1. Ia. Hort. Soc. Rpt. 287, 1887. 2. Ibid. 275, 448. 1893. 3. Ibid. 334. 1894. 4. Wis. Sta. Bul. 63:24, 30. 1897. 5. Am. Pom. Soc. Cat. 24. 1897. 6. Waugh Plum Cult. 185. 1901. 7. Wis. Sta. Bul. 87:12. 1901. 8. Ia. Sta. Bul. 46:269. 1900. 9. Ia. Hort. Soc. Rpt. 445. 1903. 10. Ohio Sta. Bul. 162:247 fig., 254, 255. 1905. 11. S. Dak. Sta. Bul. 93:15. 1905.

Charles Downing 1, 2, 3, 4, 7. Charles Downing 5, 6, 8, 11.

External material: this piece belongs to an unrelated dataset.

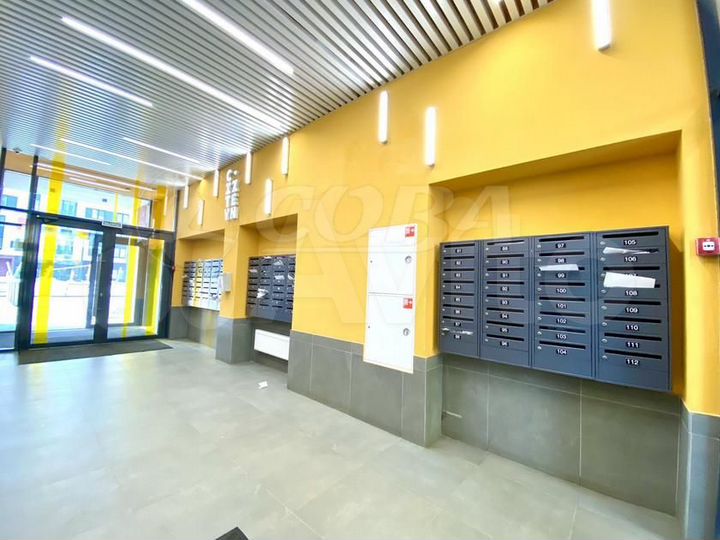 2-к. квартира, 66,9 м², 18/21 эт.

Downing is one of the best varieties of its species. The trees are large, usually productive, not often sterile as are some of its near of kin sorts and for a southern plum the variety is remarkably hardy, never having suffered in Geneva from cold. The only fault that can be found with the tree is that the foliage is quite susceptible to the shot-hole fungus. The fruit is particularly attractive with its bright, solid, garnet-red skin, golden flesh and sweet, pleasant flavor. Unfortunately the flesh is a little too fibrous and clings too tenaciously to the stone for pleasant eating. Downing adds a pleasing variety to any collection of plums and in some regions ought to sell with profit to the grower for the markets.

H. A. Terry of Crescent, Iowa, grew Downing from seed of the Wild Goose, which the originator thinks was fertilized by some Americana variety. The Downing, however, shows no traces of Americana parentage. It is reported as originating in 1882 and first fruiting in 1885. The American Pomological Society placed this variety on its fruit catalog list in 1897.

Tree large, spreading, flat-topped, hardy in New York, variable in productiveness; branches rough, dark gray, with a few large lenticels; branchlets slender, with very short internodes, greenish-red changing to dull reddish-brown, glossy, somewhat pubescent, with numerous, small, slightly raised lenticels; leaf-buds small, short, obtuse, appressed.

Leaves folded upward, broadly lanceolate, peach-like, one and three-eighths inches wide, three inches long, thin; upper surface reddish late in the fall, smooth, glabrous, with deeply grooved midrib; lower surface glabrous except along the midrib and larger veins; apex taper-pointed, margin very finely serrate, eglandular or sometimes with small dark glands; petiole thirteen-sixteenths inch long, slender, tinged with red, pubescent along one side, glandless or with from one to five small, globose, yellowish-red glands usually on the stalk.